Best of all, post players know where and how to deliver entry passes—a bit of a struggle for the Aces early this season—to other post players, right?
“We make jokes like that,” Hamby said. “We’ve turned the ball over a little bit trying to get the ball into the post. I think a lot of that had to do with me just being a lot bigger than the other player and being able to see right over her head. Guards are usually thinking low. Post players usually want the ball up high, especially for someone of Liz’s size.”
The biggest question facing Hamby and the viability of a higher dosage of this three-big lineup may come down to her spot-up shooting. She missed her first nine 3-pointers of the 2019 season then made her next five. She shot 13-of-45 last season, setting a career-high in both makes and attempts.
Cambage and Wilson won’t have trouble drawing double teams in any matchup this season. Kayla McBride and Kelsey Plum are knock-down 3-point shooters. Who will step up as the Aces’ fifth scoring threat?
Jackie Young is still working to pick her spots and step into open looks with confidence. Tamera Young started at the 3 spot last year, but isn’t much of a threat from deep, either. Sugar Rodgers is, but different questions would come into play on the other end against some of the league’s bigger wing scorers.
Hamby understands the importance of proving that she’s a threat from the perimeter.
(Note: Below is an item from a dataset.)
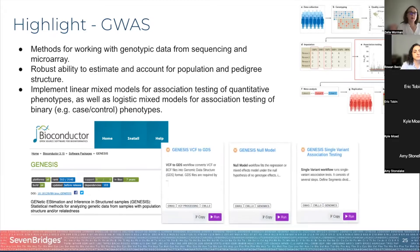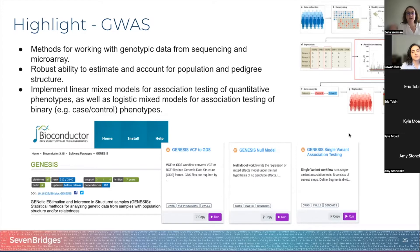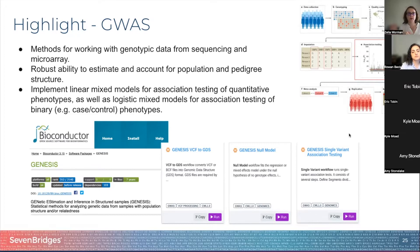Rowan will now show you how to use these tools. As I mentioned, you don't need to do a lot of coding to run GWAS, because the Seven Bridges team has collaborated with the TOPMed University of Washington DCC to create these tools and make them into point-and-click workflows in our platform, turning this R package into a workflow you can use in our platform.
She doesn’t get many chances to sharpen that part of her game, though, when she plays overseas.
“I think I have to do a better job of working on it on my own,” she said. “But it is tough, especially coming from overseas where you’re block to block because you’re just bigger than everybody. Naturally, I’m strictly a post player overseas and then I come back.
“If you’re not hitting it in games, that’s when it matters. It’s hard to get in a flow. I don’t like to come in and just shoot the first shot I get. I like to score off transition, play off my energy first. And then I’m more confident with taking those shots.”
If those shots continue to fall for Hamby, the Aces will have a very potent lineup at their disposal. She gives them such a boost defensively, on the glass and in transition. Another big player on the floor will also force opposing guards into more mismatches, which could open more doors for Plum and McBride to get loose from deep.
“A few teams wanna switch pick and rolls. Naturally, everybody wants to switch. If you have the right parts, it creates a lot of havoc on defense, but with us, I think we have so much size. If you switch, who do you help from?”
That’s a tough question to answer. The Aces play the Los Angeles Sparks on Thursday, the team many expected to find success with a three-big lineup.
Now is the time for the Aces, who then play their next three games at home, to jell. And Hamby, juggling two hats as backup big and sometimes-wing, just might represent their best path forward in doing so.